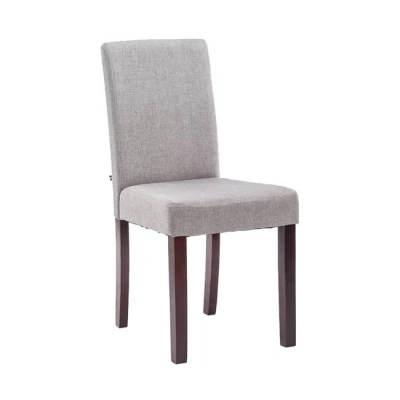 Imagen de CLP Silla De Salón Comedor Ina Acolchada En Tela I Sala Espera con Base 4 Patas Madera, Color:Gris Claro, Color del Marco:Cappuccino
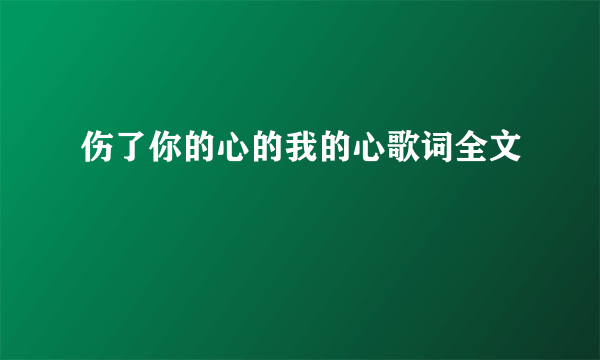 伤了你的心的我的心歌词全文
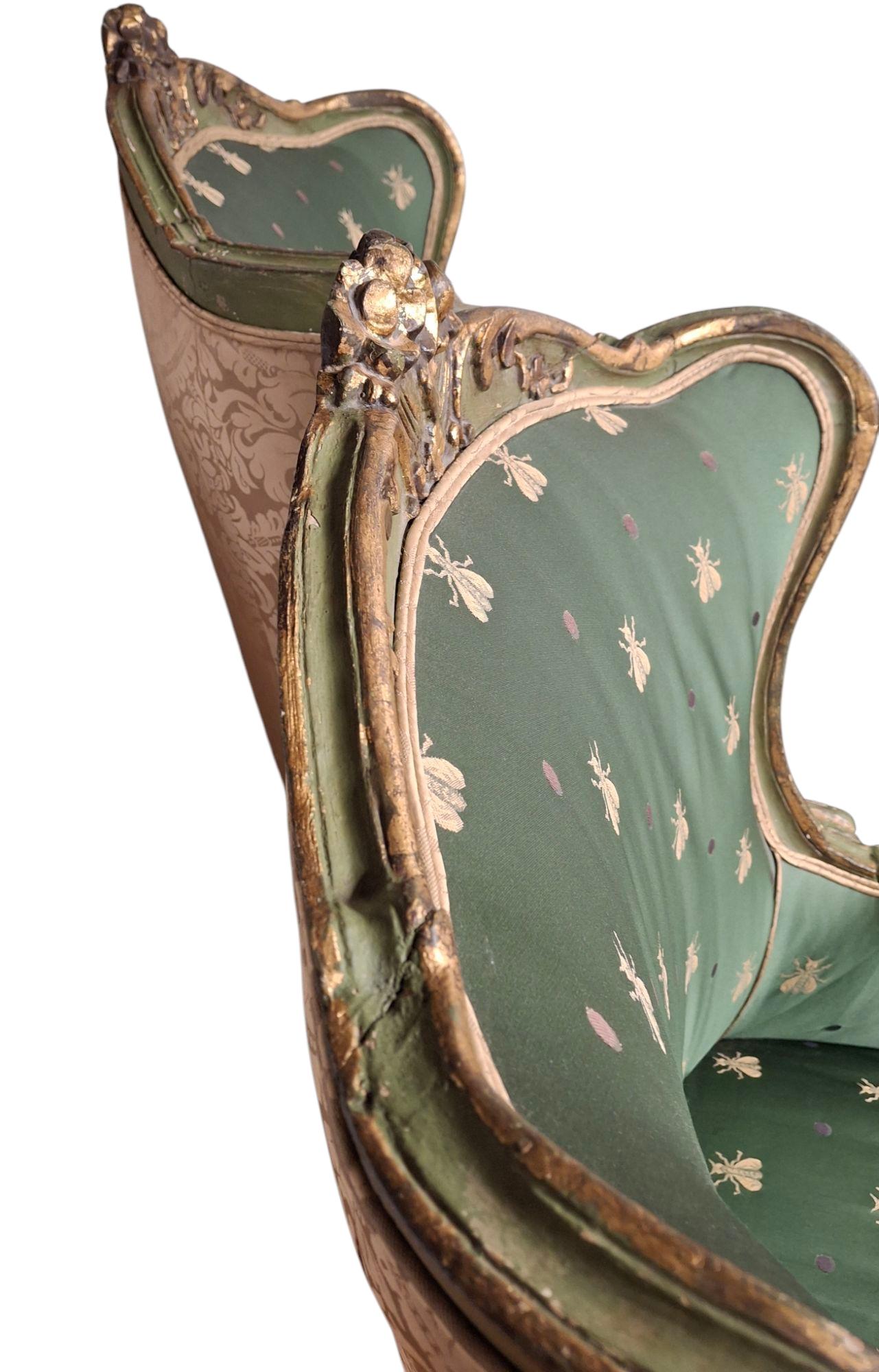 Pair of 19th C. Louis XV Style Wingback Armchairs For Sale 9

* DIRECTIONS *
The data is to be restated word for word, with any pictures set aside.

* SOLUTION FOR THIS EXERCISE *
 Imagen de CLP Silla De Salón Comedor Ina Acolchada En Tela I Sala Espera con Base 4 Patas Madera, Color:Gris Claro, Color del Marco:Cappuccino
 伤了你的心的我的心歌词全文
 Pair of 19th C. Louis XV Style Wingback Armchairs For Sale 9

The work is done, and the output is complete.